EXERCISE DIRECTIONS >>
The material below holds a span beginning at the line with "Sculpted Gold Statement Studs" and ending at the line with "Кабель iPhone Lightning". Quote that span exactly, both ends included, and only that span.

GIVEN ENTRIES >>
_____
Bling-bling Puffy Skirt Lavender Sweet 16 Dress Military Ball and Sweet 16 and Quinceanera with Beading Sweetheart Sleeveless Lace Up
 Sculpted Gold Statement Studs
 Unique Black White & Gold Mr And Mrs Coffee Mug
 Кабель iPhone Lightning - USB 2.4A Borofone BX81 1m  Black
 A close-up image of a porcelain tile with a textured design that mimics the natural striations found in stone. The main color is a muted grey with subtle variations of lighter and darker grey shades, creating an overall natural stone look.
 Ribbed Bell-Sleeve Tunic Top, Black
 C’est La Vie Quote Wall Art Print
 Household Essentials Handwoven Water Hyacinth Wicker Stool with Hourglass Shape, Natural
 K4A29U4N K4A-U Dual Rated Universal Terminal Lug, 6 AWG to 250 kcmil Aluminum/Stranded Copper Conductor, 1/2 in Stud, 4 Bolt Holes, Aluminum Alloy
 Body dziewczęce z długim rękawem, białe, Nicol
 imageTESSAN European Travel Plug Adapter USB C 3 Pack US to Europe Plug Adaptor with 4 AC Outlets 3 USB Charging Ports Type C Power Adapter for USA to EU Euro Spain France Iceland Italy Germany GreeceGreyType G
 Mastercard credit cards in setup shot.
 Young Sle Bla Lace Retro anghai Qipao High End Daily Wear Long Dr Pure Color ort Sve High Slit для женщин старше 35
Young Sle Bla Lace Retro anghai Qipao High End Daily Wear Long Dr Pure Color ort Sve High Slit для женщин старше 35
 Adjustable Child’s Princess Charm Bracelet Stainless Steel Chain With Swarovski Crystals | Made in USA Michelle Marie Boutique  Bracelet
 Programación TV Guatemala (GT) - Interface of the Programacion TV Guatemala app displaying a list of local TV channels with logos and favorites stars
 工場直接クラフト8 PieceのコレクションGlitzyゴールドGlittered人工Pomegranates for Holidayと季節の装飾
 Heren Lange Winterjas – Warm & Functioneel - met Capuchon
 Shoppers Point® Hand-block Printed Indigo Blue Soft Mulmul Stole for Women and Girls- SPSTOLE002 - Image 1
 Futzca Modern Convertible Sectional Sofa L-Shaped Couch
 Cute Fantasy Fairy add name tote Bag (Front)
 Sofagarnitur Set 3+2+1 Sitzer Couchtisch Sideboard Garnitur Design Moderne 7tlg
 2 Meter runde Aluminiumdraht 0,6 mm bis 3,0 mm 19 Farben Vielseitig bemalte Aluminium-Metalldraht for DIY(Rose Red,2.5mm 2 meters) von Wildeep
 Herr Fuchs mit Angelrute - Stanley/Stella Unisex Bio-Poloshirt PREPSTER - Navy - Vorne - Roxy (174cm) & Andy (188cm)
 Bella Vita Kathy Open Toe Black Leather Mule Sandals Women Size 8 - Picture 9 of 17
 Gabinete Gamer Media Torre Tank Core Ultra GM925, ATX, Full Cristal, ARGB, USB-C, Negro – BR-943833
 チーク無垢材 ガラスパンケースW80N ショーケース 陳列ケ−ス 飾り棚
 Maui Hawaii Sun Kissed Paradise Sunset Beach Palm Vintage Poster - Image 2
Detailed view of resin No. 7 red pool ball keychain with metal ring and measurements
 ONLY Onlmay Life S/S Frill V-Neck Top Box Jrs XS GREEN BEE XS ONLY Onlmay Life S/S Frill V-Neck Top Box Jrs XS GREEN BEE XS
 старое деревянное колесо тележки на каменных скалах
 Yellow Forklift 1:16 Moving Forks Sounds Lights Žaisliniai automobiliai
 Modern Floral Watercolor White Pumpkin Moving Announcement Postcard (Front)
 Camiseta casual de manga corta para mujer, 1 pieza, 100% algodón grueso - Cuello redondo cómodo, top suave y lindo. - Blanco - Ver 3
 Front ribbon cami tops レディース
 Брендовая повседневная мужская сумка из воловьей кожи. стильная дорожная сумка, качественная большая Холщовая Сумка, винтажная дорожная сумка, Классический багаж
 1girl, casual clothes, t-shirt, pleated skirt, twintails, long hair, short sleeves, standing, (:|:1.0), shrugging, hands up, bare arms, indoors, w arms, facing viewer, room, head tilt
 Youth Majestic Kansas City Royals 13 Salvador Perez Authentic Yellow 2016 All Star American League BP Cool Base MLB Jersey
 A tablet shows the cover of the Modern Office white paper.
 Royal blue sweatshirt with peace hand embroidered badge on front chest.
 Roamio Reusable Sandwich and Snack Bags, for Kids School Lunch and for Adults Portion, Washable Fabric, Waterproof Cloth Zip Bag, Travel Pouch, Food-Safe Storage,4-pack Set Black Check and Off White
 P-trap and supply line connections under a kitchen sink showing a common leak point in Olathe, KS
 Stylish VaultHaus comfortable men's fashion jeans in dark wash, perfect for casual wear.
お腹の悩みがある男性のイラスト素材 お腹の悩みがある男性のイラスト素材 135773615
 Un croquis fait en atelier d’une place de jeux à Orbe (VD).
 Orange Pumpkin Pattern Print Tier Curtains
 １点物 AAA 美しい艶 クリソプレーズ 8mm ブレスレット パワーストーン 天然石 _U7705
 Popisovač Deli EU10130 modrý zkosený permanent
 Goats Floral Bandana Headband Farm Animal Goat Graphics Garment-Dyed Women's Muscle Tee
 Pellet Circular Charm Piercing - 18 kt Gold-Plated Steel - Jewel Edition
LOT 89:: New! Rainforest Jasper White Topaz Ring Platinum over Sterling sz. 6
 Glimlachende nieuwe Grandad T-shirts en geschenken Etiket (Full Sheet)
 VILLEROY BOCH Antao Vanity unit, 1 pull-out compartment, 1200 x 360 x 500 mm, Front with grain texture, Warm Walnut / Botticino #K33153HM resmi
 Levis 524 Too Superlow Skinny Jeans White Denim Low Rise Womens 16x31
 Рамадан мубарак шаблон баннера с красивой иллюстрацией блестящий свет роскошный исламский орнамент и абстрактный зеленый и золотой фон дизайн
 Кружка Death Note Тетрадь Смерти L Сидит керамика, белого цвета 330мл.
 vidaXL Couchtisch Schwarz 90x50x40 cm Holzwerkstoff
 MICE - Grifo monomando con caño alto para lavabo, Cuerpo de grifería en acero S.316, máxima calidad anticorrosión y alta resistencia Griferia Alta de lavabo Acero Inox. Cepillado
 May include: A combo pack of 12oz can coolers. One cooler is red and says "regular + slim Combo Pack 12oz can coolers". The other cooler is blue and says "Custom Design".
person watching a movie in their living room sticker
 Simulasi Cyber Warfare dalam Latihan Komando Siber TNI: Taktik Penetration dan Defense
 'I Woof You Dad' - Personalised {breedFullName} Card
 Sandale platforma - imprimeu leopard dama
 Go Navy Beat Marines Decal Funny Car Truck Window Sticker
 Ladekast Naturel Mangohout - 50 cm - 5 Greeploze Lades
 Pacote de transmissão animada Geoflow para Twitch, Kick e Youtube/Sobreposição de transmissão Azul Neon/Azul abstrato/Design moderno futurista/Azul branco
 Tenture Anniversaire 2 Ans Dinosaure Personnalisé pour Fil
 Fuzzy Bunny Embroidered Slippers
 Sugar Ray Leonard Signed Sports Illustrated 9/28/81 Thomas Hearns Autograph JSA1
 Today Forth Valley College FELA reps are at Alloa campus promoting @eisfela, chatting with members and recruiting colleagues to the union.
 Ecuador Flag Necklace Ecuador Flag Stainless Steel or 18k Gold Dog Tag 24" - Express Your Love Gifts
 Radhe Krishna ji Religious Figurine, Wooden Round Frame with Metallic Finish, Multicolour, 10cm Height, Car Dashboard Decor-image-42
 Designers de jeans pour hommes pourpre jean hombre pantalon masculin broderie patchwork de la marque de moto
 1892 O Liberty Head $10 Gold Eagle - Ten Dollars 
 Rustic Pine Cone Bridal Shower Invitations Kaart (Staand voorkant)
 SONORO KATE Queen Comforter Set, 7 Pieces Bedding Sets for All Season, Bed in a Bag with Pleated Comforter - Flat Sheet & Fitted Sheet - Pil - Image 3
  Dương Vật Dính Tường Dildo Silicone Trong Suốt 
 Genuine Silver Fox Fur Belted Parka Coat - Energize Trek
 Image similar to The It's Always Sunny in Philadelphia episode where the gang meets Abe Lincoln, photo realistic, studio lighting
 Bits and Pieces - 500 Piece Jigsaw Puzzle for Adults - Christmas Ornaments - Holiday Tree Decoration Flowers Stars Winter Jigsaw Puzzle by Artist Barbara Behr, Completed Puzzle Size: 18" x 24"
_____
EXERCISE RESULT >>
 Sculpted Gold Statement Studs
 Unique Black White & Gold Mr And Mrs Coffee Mug
 Кабель iPhone Lightning - USB 2.4A Borofone BX81 1m  Black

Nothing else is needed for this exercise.